The university though is looking to ensure South Campus remains a functioning part of SU’s campus and is “reimagined,” according to the draft.
South Campus will be the future home to some administrative units that will be “relocating from the newly designed academic core” on Main Campus. Athletic facilities will also continue to operate on South Campus.
“South Campus will continue to be a critical component of the University’s landscape,” the document stated.
A number of near-term projects that SU is looking to complete as part of the Campus Framework were also listed in the latest draft, like the National Veterans Resource Complex. Most of the projects though included on this list had already been identified as near-term endeavors, with only a few exceptions like the construction of the Barnes Center for Health, Wellness and Recreation and the Innovation and Discovery Complex.

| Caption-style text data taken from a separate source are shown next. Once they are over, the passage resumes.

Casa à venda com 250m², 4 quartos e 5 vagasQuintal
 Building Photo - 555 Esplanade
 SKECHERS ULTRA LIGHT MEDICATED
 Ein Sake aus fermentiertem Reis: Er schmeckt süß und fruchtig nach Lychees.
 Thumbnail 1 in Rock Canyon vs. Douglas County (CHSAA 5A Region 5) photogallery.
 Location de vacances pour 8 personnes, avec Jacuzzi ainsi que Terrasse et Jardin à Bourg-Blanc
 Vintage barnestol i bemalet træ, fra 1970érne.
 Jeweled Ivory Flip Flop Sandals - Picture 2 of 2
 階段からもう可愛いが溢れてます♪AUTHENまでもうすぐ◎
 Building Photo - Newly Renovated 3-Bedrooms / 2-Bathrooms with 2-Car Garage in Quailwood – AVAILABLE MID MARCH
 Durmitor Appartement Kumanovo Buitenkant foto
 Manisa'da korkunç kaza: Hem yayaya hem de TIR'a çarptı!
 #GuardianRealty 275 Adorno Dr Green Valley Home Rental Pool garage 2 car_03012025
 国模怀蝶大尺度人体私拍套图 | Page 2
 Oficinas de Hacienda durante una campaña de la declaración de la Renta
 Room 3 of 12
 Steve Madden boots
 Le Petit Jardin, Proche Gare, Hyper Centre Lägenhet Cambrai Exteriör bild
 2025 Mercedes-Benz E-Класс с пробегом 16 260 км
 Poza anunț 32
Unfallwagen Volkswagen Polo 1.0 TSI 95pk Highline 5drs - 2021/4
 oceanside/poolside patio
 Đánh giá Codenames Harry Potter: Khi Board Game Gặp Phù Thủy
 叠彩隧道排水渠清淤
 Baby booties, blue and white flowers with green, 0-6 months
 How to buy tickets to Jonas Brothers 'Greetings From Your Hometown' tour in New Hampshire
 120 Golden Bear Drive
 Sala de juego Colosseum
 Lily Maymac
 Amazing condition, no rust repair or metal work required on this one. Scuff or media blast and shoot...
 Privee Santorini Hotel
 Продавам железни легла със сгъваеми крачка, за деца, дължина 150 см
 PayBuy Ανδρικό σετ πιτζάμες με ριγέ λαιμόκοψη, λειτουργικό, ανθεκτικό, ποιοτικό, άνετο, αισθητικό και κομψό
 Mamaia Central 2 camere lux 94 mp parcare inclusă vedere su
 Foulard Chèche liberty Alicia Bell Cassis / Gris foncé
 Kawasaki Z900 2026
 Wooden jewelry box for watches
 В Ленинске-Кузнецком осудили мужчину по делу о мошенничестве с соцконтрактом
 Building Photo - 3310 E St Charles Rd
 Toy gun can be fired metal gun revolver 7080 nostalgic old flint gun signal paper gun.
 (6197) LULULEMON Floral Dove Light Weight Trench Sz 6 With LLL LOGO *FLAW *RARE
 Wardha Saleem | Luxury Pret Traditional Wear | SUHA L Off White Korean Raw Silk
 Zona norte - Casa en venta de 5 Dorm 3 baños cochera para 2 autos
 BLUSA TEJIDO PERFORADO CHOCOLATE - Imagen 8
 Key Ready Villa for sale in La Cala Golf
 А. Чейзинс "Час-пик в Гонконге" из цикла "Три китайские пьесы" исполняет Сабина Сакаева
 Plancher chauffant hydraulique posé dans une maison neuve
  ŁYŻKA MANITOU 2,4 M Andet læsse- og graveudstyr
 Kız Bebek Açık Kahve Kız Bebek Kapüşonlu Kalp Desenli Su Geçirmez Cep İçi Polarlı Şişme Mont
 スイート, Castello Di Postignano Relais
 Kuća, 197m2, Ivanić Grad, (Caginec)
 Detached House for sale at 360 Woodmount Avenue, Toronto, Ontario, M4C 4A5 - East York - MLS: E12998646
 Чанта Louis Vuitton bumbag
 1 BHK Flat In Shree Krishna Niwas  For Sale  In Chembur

The Barnes Center for Health, Wellness and Recreation is a planned student-focused complex that will be located in the renovated Archbold Gymnasium.
The Counseling Center, the Office of Health Promotion, SU Health Services, Recreation Services and Student Assistance will all be co-located at the Barnes Center for Health, Wellness and Recreation, according to the document.
The Innovation and Discovery Complex is a new laboratory space that will host the “integration” of STEM fields to create “new opportunities for interdisciplinary collaboration within the academic core of the University.” The current Quad 4 parking lot on Main Campus has been identified as a potential site for the Innovation and Discovery Complex, according to the document.
Disclaimer: The Daily Orange leases a house on Ostrom Avenue owned by Syracuse University. As part of the Campus Framework, the university has proposed building student housing on Ostrom Avenue where The D.O. currently operates.